Chapter 11 Film Criticism: Critical Analyses
Few of our entries offer in-depth analyses of single films, but “Cavalcanti + Ealing = a little-known gem”  examines the narrative of Went the Day Well? and puts it into historical context. “Cronenberg’s Violent Reversals”  compares the narrative structures of A History of Violence and Eastern Promises, while “Three Nights of a Dreamer”  goes shot by shot through a sequence from In the City of Sylvia.
Chapter 12 Film Art and Film History
Film Art’s final chapter includes a section “The Development of the Classical Hollywood Cinema (1908-1927),” which outlines the early formulation of continuity editing. In “Happy birthday, classical cinema!,”  posted December 28, 2007, we celebrating the 90th anniversary of the crucial year, 1917, when classical editing patterns crystallized into a system that has endured, with variations, ever since. We discuss some of the subtleties of the continuity guidelines of the time, with plenty of examples.
A related entry, “Rio Jim, in discrete fragments,”  examines shifts in technique during the development of continuity editing, concentrating on several William S. Hart westerns of the mid-1910s. Another entry, “Lucky ‘13,”  discusses the transitional year 1913 through two masterpieces that represent quite different styles.

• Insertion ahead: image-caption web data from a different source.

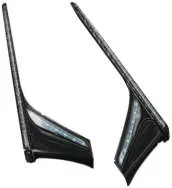 BLK LED VERT REAR LGHT STRIPS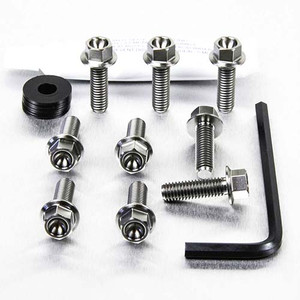 Titanium Mudguard & Hugger Bolt Kit Hex Head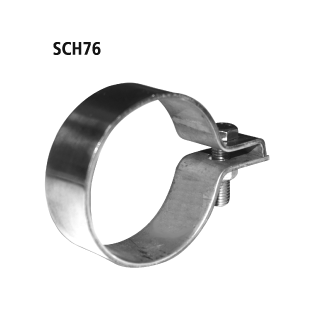 Bastuck Auspuffschelle Edelstahl Ø 74-79 mm für KIA PRO CEE´D (JD) 1.6 CRDi 110 - 81 KW / SCH76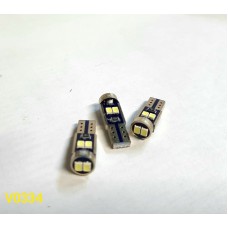 Светодиод T5-2016-6SMD 12V White (белый) V0334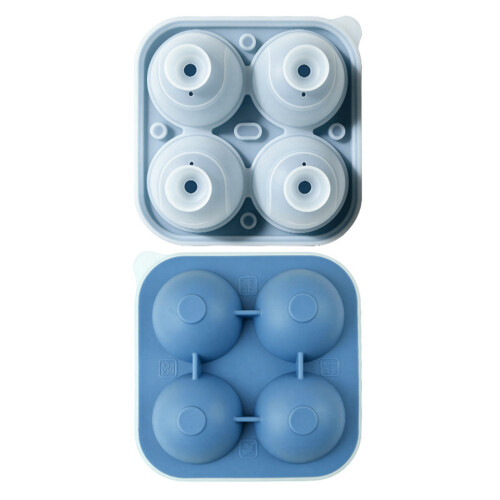Easy Releases Silikon-Eiswürfelform mit bezaubernder-Blau 4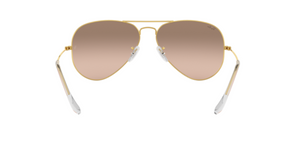Ray-Ban Aviator | Armação metal dourado | Rosa espelhado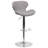 Arkport Swivel Upholstered Adjustable Height Counter Stool with Metal Frame-20132233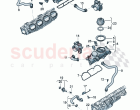 Crankcase housing ventilation oil separator End cap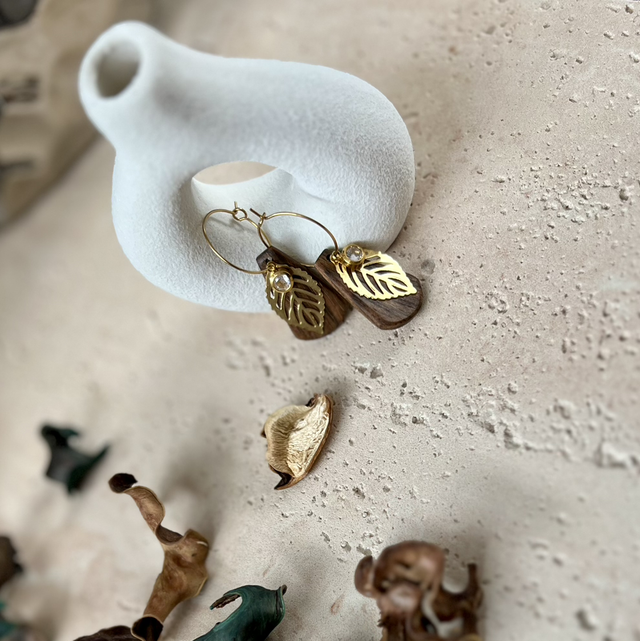 Duo "Forêt Graphique" – Paldao & Empreinte de Feuille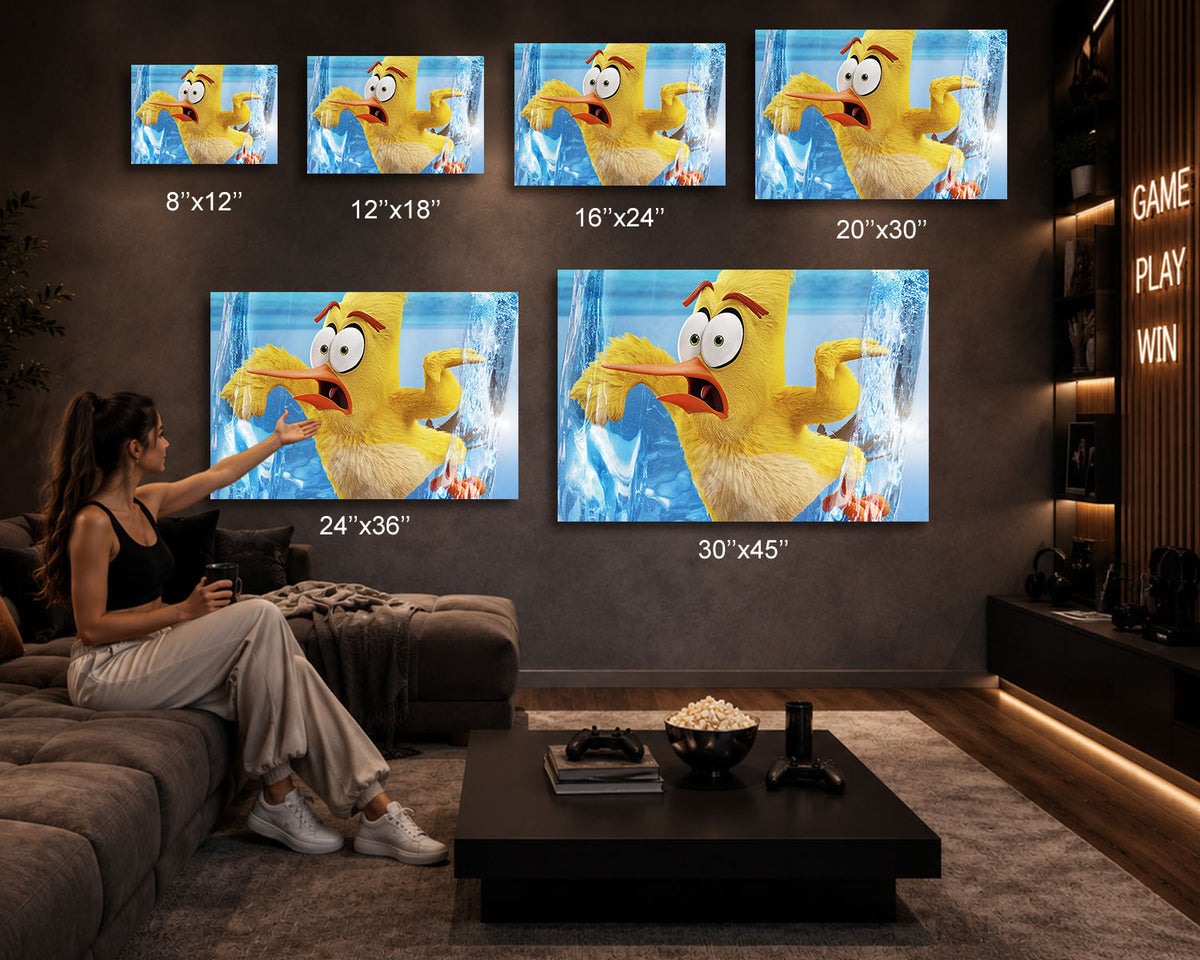 Angry Birds Chuck Character Wall Art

“All singing! All dancing! All teaching!”  is aimed primarily at teachers using Film History: An Introduction, who would be likely to devote a lecture and screening to the subject. Still, Film Art users might find it useful, either in relation to Chapter 9 or for the brief section on the coming of sound in Chapter 12. It assesses several documentaries on the coming of sound that had recently come out on DVD. Even for those who don’t want to show them in class, they yield considerable information. (One of the DVDs also deals with color technology up to the introduction of three-strip Technicolor in the 1930s.)
“Superheroes for sale” deals with recent trends in the American film industry.

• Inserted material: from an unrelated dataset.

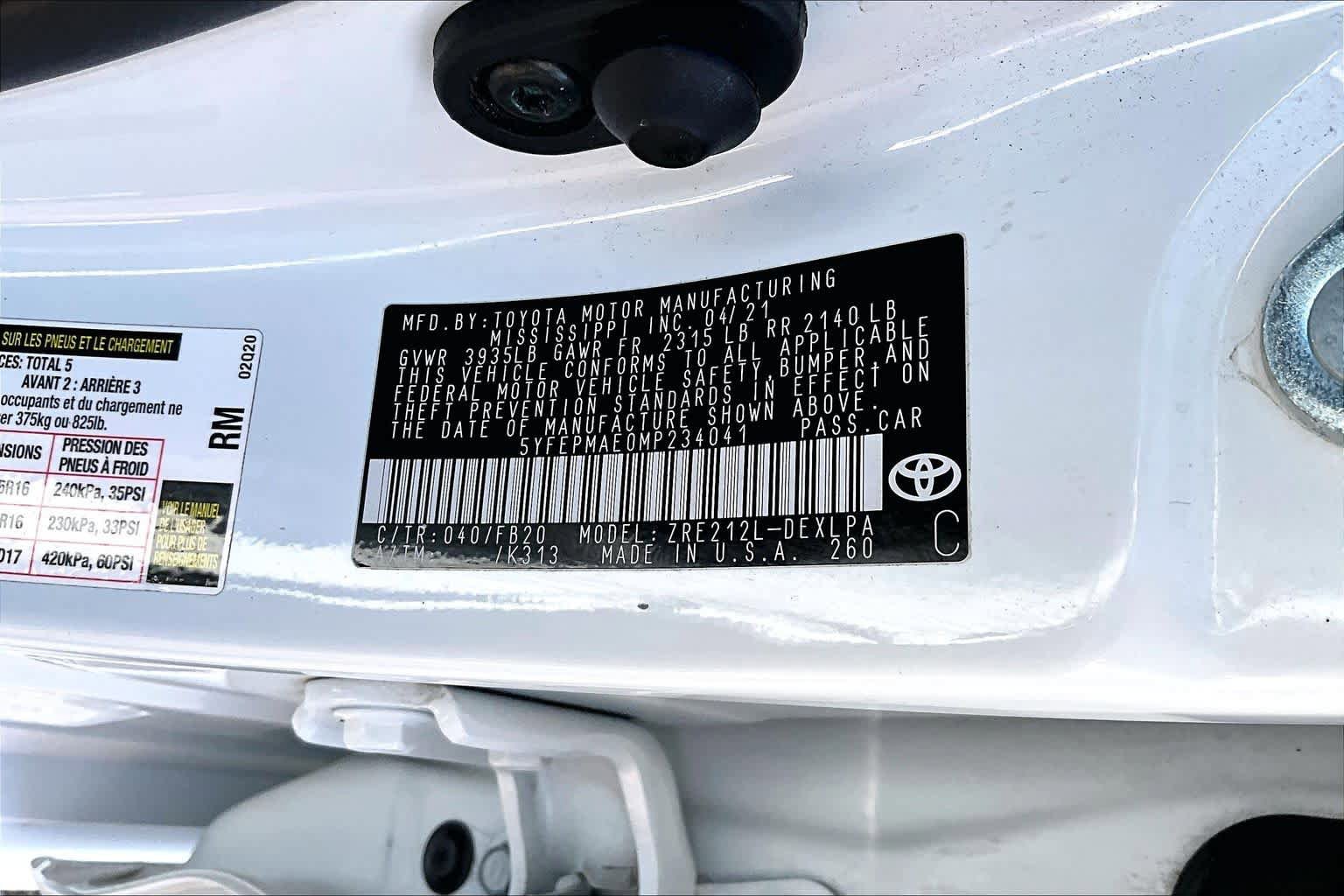 Certified 2021 Toyota Corolla LE FWD image 36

Although most of our entries could be read by an undergraduate, we don’t make a point of writing them for students. “Observations on Film Art and film art” has a wide readership, including other cinephiles, journalists, industry people, bloggers, filmmakers, and scholars in the other arts. A few of our entries go beyond the level of an introductory class. If you teach graduate students or have bright and enthusiastic undergraduates looking to learn more, you might, for example, steer them to this item: “Minding movies,” a brief summary of cognitive film theory, with lots of links for those who want to go further in this direction.
When we go to film festivals, we post reports on the movies we see, the old friends we re-connect with, and the new ones we meet. On a regular basis, we visit the Hong Kong, Vancouver, and Wisconsin festivals, as well as Roger Ebert’s “Ebertfest.” These entries are chatty and sometimes specific to films that students may never get a chance to see. They would be difficult to link up with Film Art. Still, they give a sense of one major aspect of film culture and show part what their textbook authors do when they’re not preparing new editions. We haven’t listed those entries here, but you can find them by clicking here  or on the Festivals category on the blog. If you’re interested in a particular film or filmmaker, try a search. Perhaps we’ve said something on the subject.
When we launched “Observations on Film Art and film art,” we tended to post every few days. This year we have tried to settle into a steady, once-a-week rhythm, with new entries typically going online between Thursday and Saturday. For those teachers who might want to assign their students to read the blog regularly, we hope this schedule makes that easier.